I wonder how to extract the Multivariate Tests: Site portion from the output of fm1 in the following MWE.
library(car)
fm1 <- summary(Anova(lm(cbind(Al, Fe, Mg, Ca, Na) ~ Site, data=Pottery)))
fm1
Type II MANOVA Tests:
Sum of squares and products for error:
Al Fe Mg Ca Na
Al 48.2881429 7.08007143 0.60801429 0.10647143 0.58895714
Fe 7.0800714 10.95084571 0.52705714 -0.15519429 0.06675857
Mg 0.6080143 0.52705714 15.42961143 0.43537714 0.02761571
Ca 0.1064714 -0.15519429 0.43537714 0.05148571 0.01007857
Na 0.5889571 0.06675857 0.02761571 0.01007857 0.19929286
------------------------------------------
Term: Site
Sum of squares and products for the hypothesis:
Al Fe Mg Ca Na
Al 175.610319 -149.295533 -130.809707 -5.8891637 -5.3722648
Fe -149.295533 134.221616 117.745035 4.8217866 5.3259491
Mg -130.809707 117.745035 103.350527 4.2091613 4.7105458
Ca -5.889164 4.821787 4.209161 0.2047027 0.1547830
Na -5.372265 5.325949 4.710546 0.1547830 0.2582456
Multivariate Tests: Site
Df test stat approx F num Df den Df Pr(>F)

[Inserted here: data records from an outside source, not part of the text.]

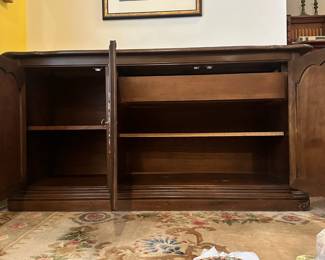 D18 - $125. Solid Wood Buffet. Measures 57.5" wide x 18.5" deep x 30" tall.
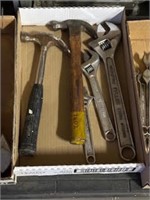 pair adjustable wrenches, small sledge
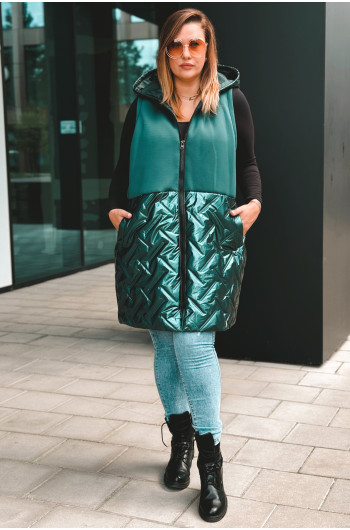 ADDA- Kamizelka pikowana z piankową górą butelkowa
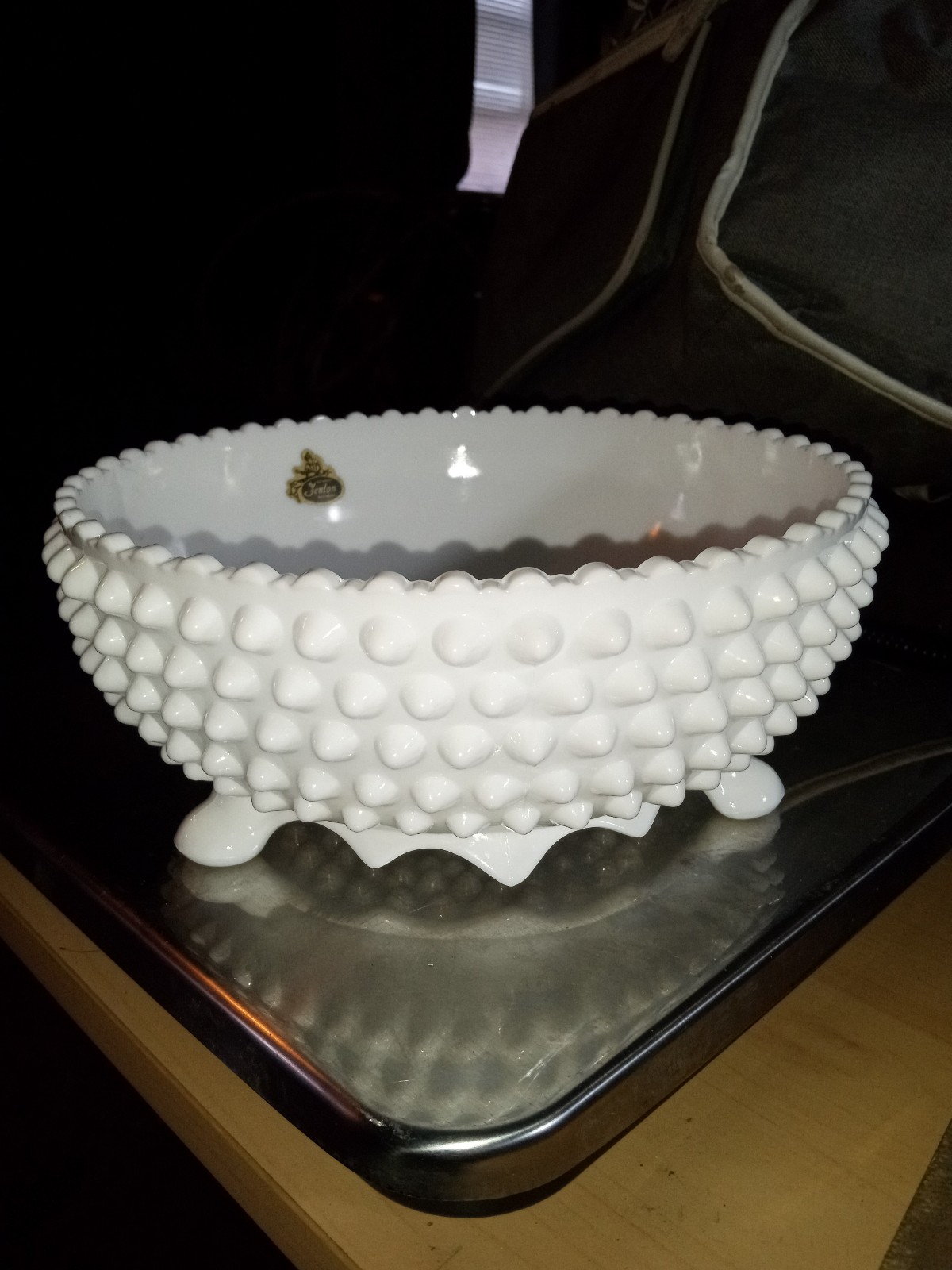 Vintage Authentic Fenton Handmade Milk Glass Hobnail Bowl
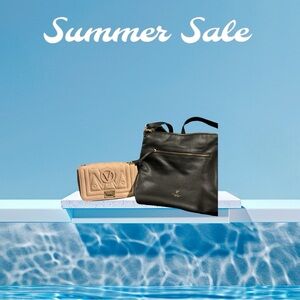 Fiorelli black pebbled bag and fashion cream quilted bag bundle of two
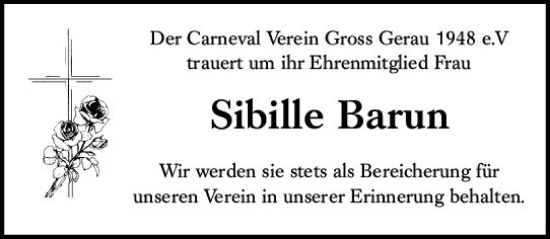 Traueranzeige von Sibille Barun von Groß-Gerauer Echo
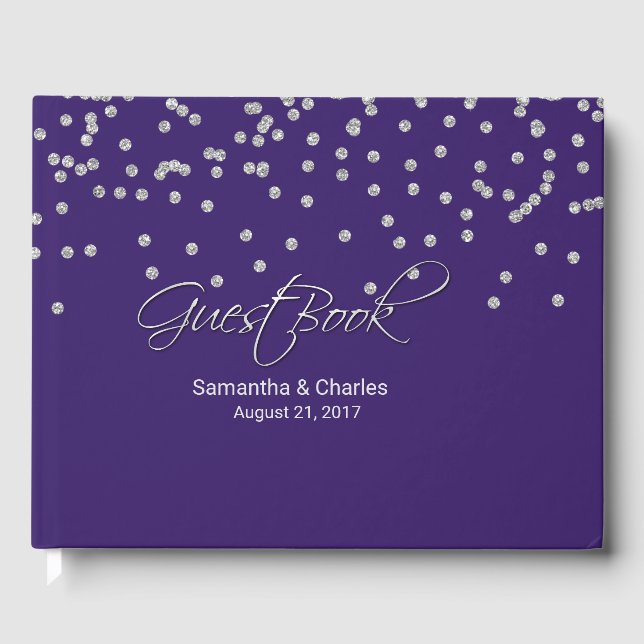 Glam Purple with Diamonds Wedding Guest Book (Front)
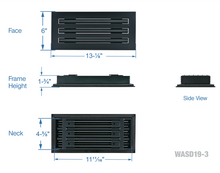 Load image into Gallery viewer, Full dimensions of a black 12 inch 3-slot linear diffuser with 19mm openings for precision airflow in commercial HVAC systems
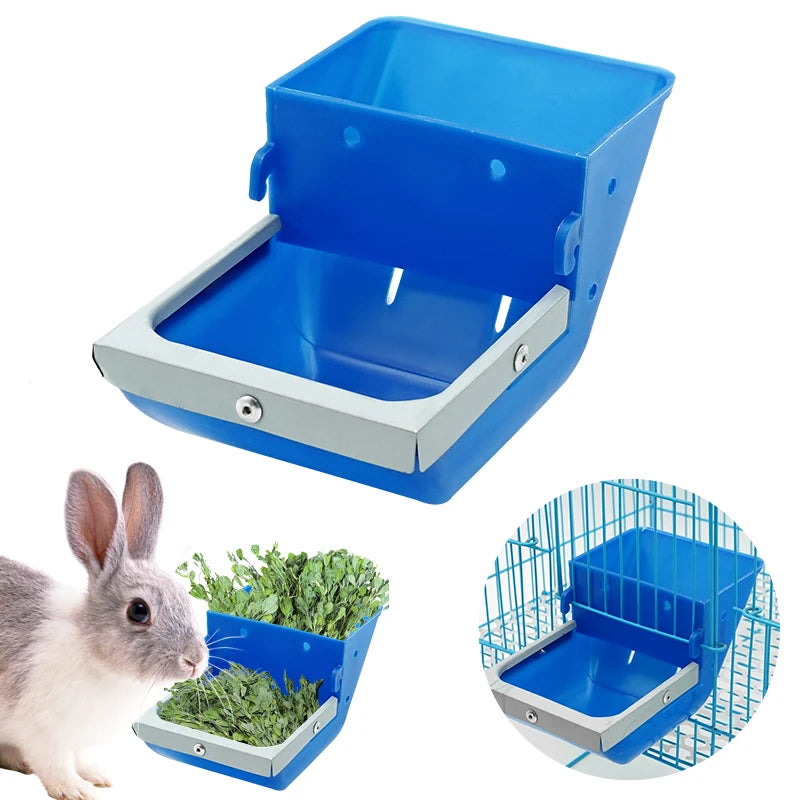 Farming Cage 10cm Rabbit Feed Trough Plastic Rabbit Feeder Box Hopper for Sale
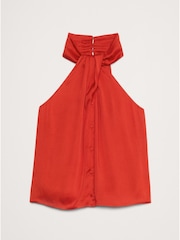 Banana Republic Red Hammered Satin Halter Button Down Top - Image 4 of 4
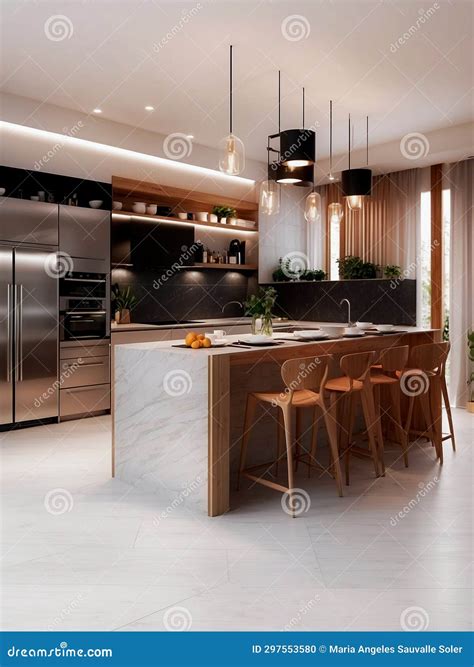 Illustration of a Modern Kitchen with Design Furniture Stock ...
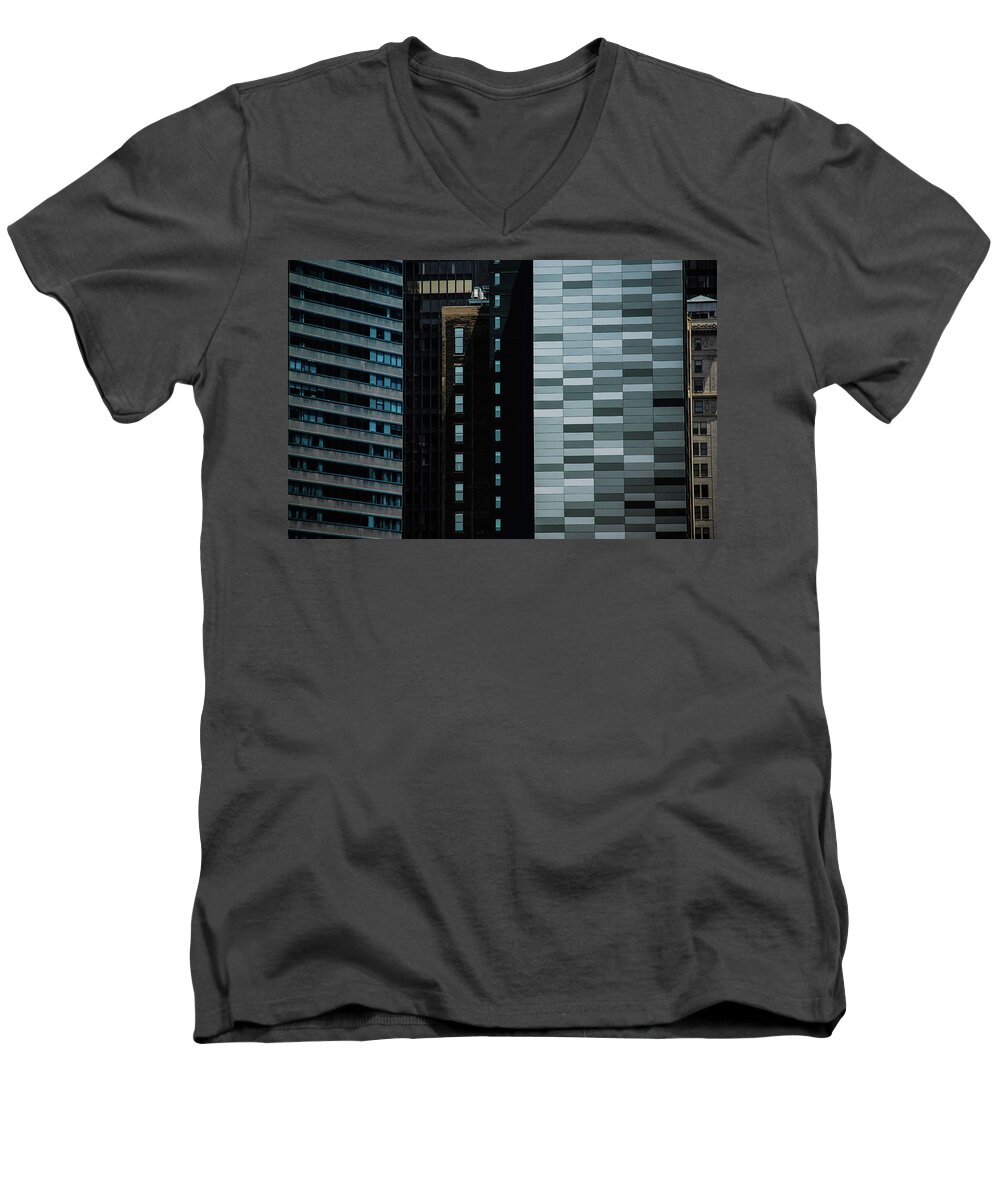 Abstract Men's V-Neck T-Shirt featuring the photograph City Perspective #1 by Michael Nowotny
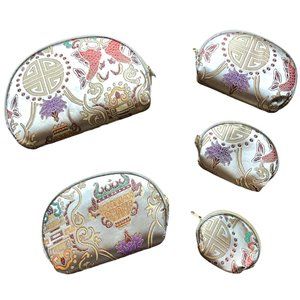 New! Satin Embroidered Nesting Cosmetic Cases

Pillai 3 1.55394 4.29839 15 60.00000 2.4129e-05 ***
Wilks 3 0.01230 13.08854 15 50.09147 1.8404e-12 ***
Hotelling-Lawley 3 35.43875 39.37639 15 50.00000 < 2.22e-16 ***
Roy 3 34.16111 136.64446 5 20.00000 9.4435e-15 ***
---
Signif. codes: 0 ‘***’ 0.001 ‘**’ 0.01 ‘*’ 0.05 ‘.’ 0.1 ‘ ’ 1
I also couldn't find how to extract the table of tests but as a workaround you can calculate the results by running the Anova command over all test types.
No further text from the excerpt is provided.